Iwashita, Takuji; Uemura, Shinya; Yoshida, Kensaku; Mita, Naoki; Tezuka, Ryuichi; Yasuda, Ichiro; Shimizu, Masahito.
Afiliação
  • Iwashita T; First Department of Internal Medicine, Gifu University Hospital, Gifu, Japan.
  • Uemura S; First Department of Internal Medicine, Gifu University Hospital, Gifu, Japan.
  • Yoshida K; First Department of Internal Medicine, Gifu University Hospital, Gifu, Japan.

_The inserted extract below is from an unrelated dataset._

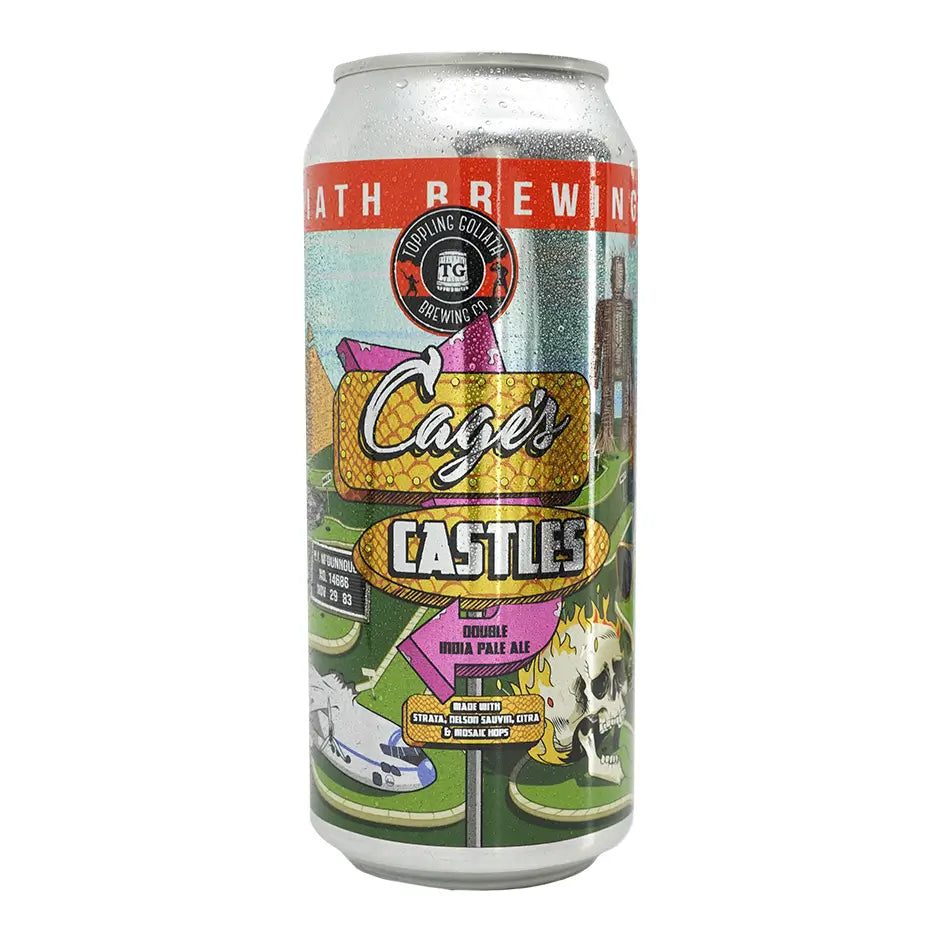 Toppling Goliath - Cage's Castles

  • Mita N; First Department of Internal Medicine, Gifu University Hospital, Gifu, Japan.
  • Tezuka R; First Department of Internal Medicine, Gifu University Hospital, Gifu, Japan.
  • Yasuda I; First Department of Internal Medicine, Gifu University Hospital, Gifu, Japan.
  • Shimizu M; Third Department of Internal Medicine, University of Toyama, Toyama, Japan.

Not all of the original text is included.